Le « Landscape model » de van den Broek et al. (1996, 1998)

Le modèle proposé par van den Broek et al., dans la continuité des travaux présentés supra, cherche à rendre compte tout à la fois des processus « on-line » et des processus « off-line ». Il se situe donc dans une approche de la dynamique de la compréhension. Le Landscape model part du principe que l'activation des concepts fluctue en cours de lecture ; les ressources attentionnelles du sujet étant limitées, comme il a été établi dans des modèles antérieurs, le lecteur, en cours de lecture, procède de manière linéaire ; il doit cependant garder certains concepts activés -les uns très temporairement, les autres beaucoup plus longuement voire de manière permanente- afin de maintenir la cohérence du texte lu. Le Landscape model rend compte de cette fluctuation des activations, reprenant un système de règles de « quotation» établi par van den Broek, Risden, Fletcher et Thurlow (1996). Ce système attribue une valeur d'activation sur une échelle de 0 à 5 (5 étant la valeur maximale d'activation). Tous les concepts d'un texte, mais aussi les inférences produites par le lecteur, se voient attribuer une valeur d'activation. Il est alors possible d'établir une « matrice d'activation » du texte qui permet de (i) définir les concepts demeurant le plus longtemps activés ; (ii) mesurer la force d'activation de chaque concept ; (iii) prédire les inférences nécessaires à la compréhension du texte. Le Landscape model définit quatre sources d'activation pouvant intervenir à chaque cycle de traitement : (i) le segment du texte en cours de traitement ; (ii) le contenu du cycle de lecture précédent ; (iii) des concepts appartenant à des cycles antérieurs et pouvant être réactivés ; (iv) des connaissances antérieures à la lecture.
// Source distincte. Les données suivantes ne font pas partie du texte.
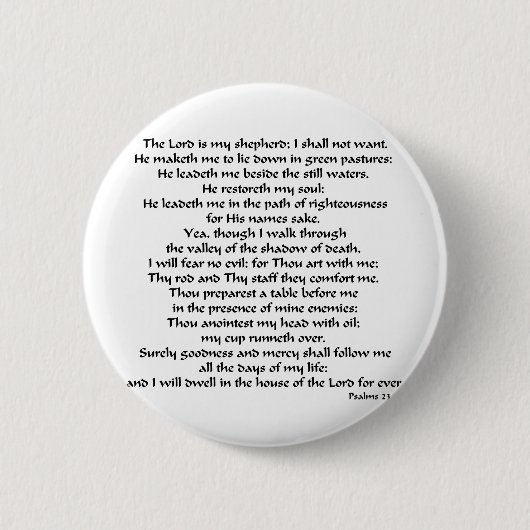 Psalms 23 ronde button 5,7 cm (Voorkant)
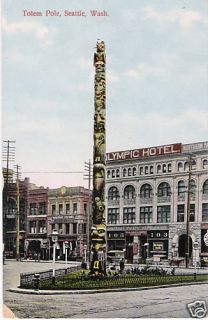 Postcard Seattle Washington Totem Pole Olympic Hotel
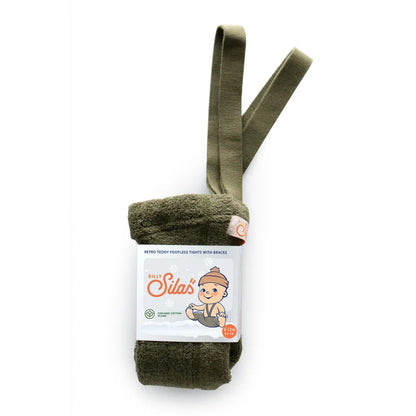 Olivegrüne Strumpfhosen für Kinder mit Cartoon-Label von Teddy Warmy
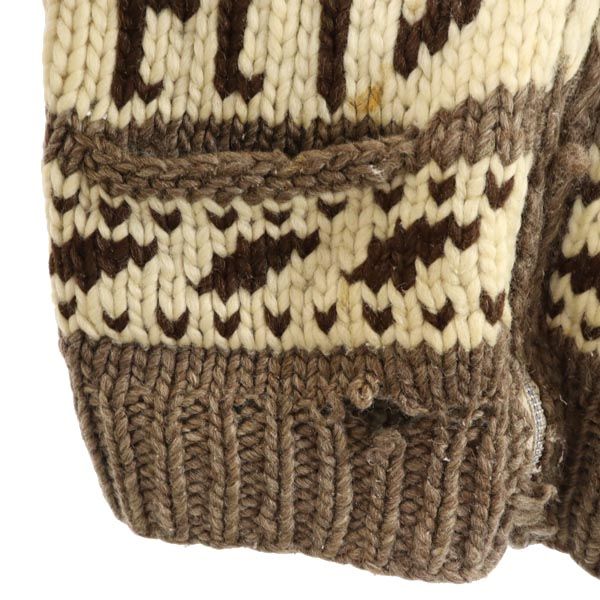 LONGHOUSE ロングハウス 90s カナダ製 オールド ウール カウチンジャケット ブラウン系 ニット メンズ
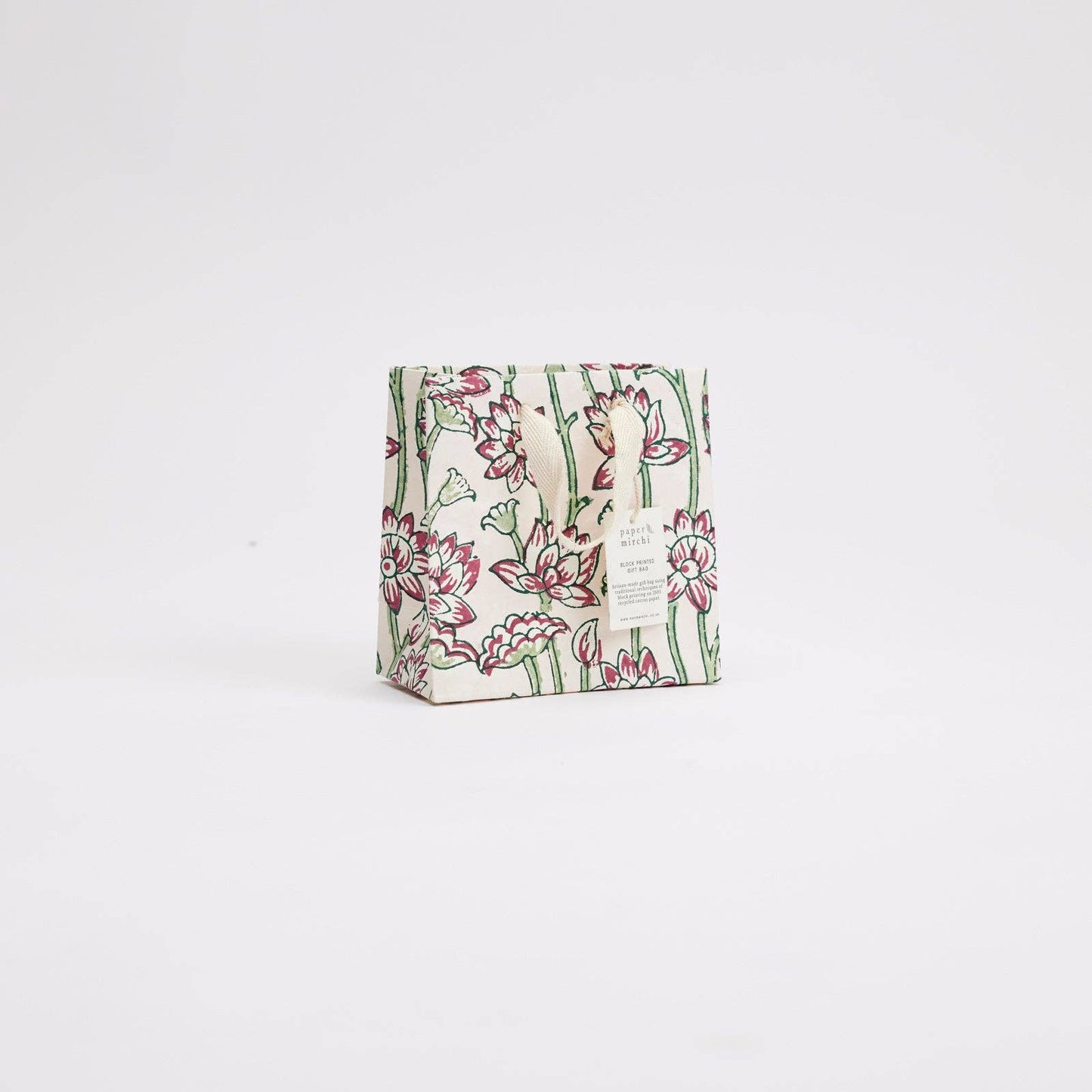 Block Printed Gift Bags (Small) - Cherry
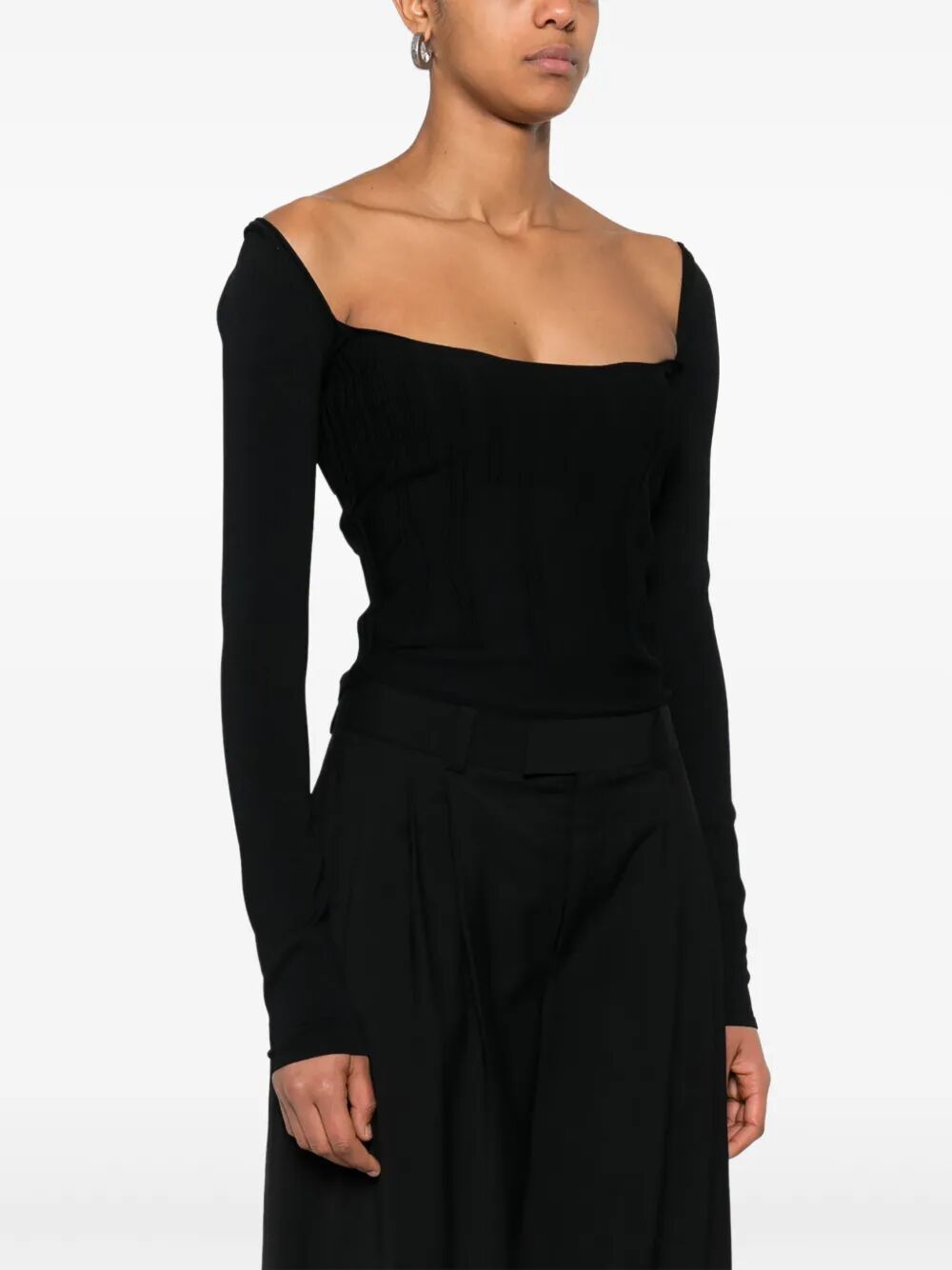 MUGLER Chic Madonna Neck Mini Top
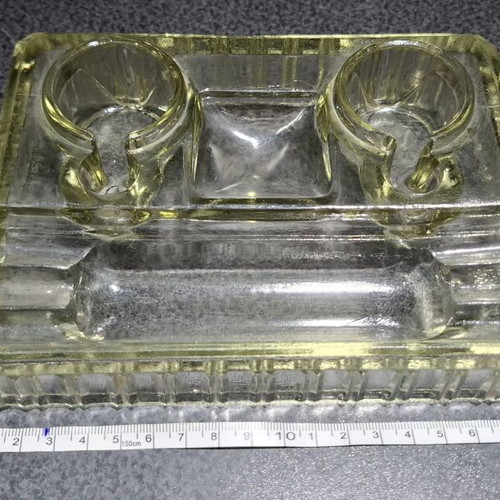Glass double inkwell desk stand Art Deco vintage used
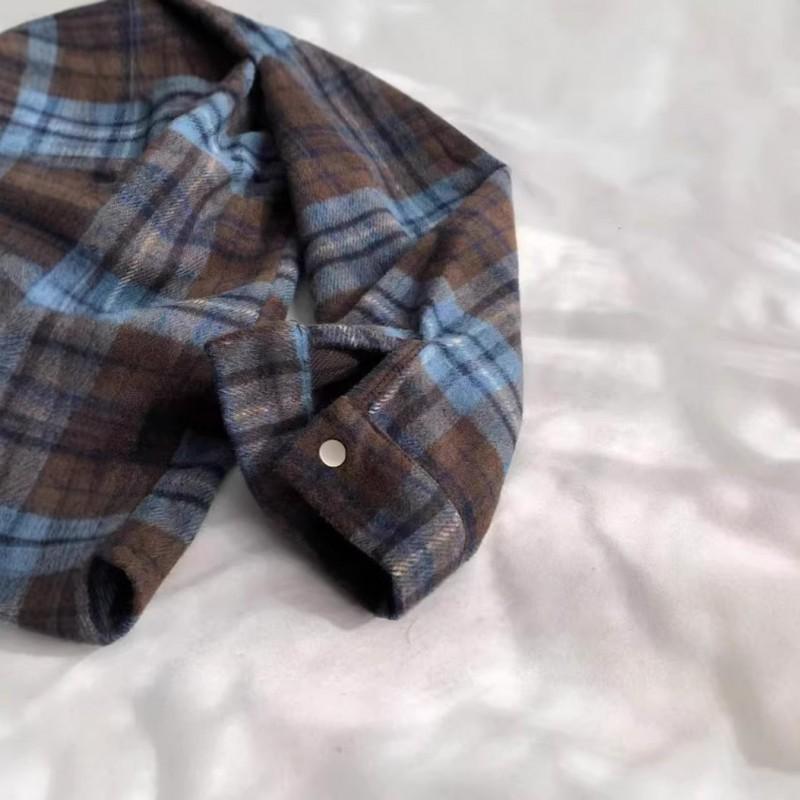 Thick Brushed Plaid Shirt Women 2026 Loose Casual Long Sleeve Button Front Top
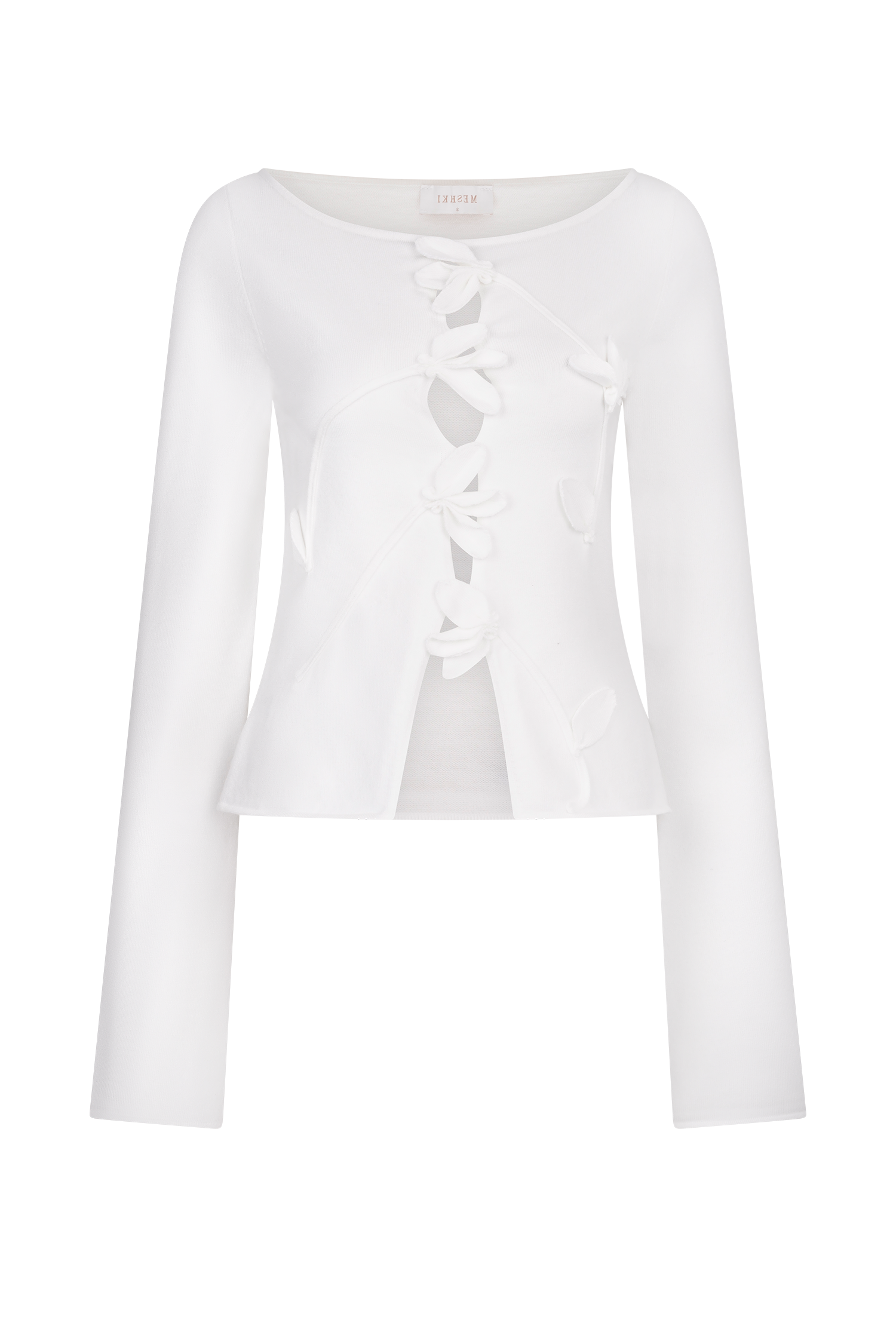 White Floral Long Sleeve Knit Top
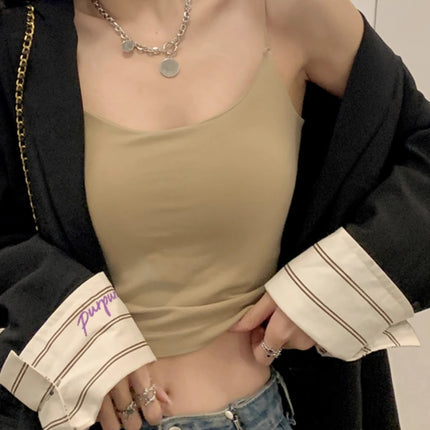 Thai Small Camisole Women's Inner Wear Spring Chest Pad Beautiful Back Seaside Wear Outer Wear Dopamine Jazz Top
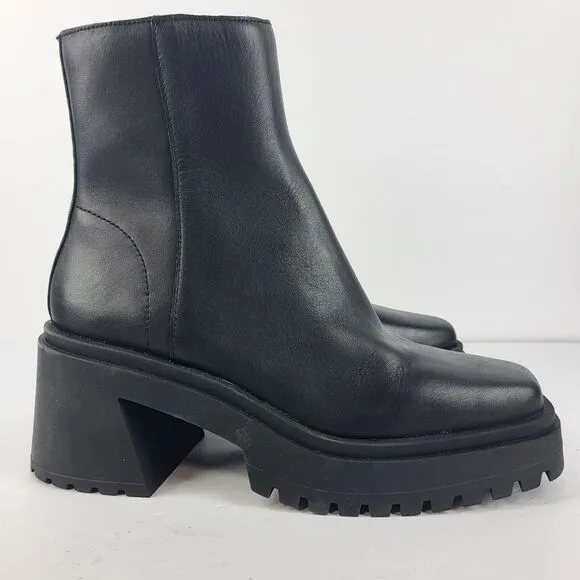 Steve Madden Fella Black Leather Lug Sole Ankle Boots Shoes Size 9M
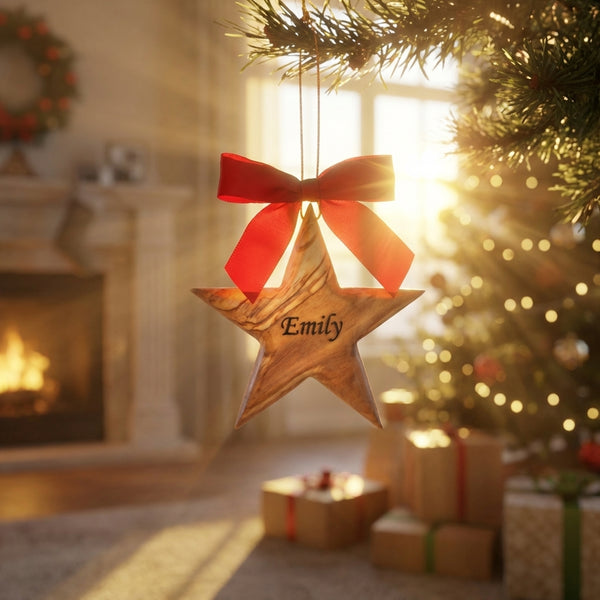 Personalized Olive Wood Star Ornament: Custom Family Name Gift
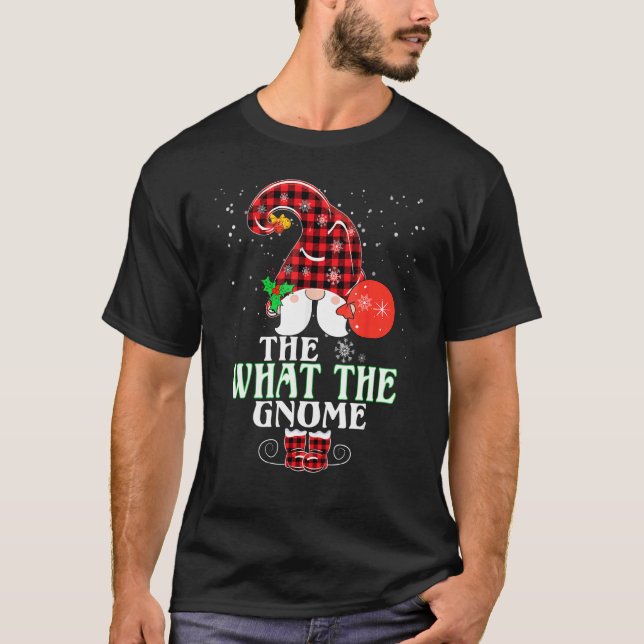 Camiseta What The Gnome Buffalo Plaid Matching Family Chris (Anverso)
À chaque cycle de lecture, de nouveaux concepts sont activés, certains autres sont maintenus et d'autres encore sont inhibés. Par nature, cette structure n'est pas statique : elle

se transforme tout au long du traitement des énoncés successifs dans un jeu constant d'activation-inhibition des concepts. Il en résulte un paysage composé de pics (concepts les plus actifs et les plus fortement reliés entre eux) et de vallées (concepts peu actifs et peu reliés au reste du texte). Le Landscape model permet ainsi de dépeindre un paysage de la représentation mentale du texte en constante évolution.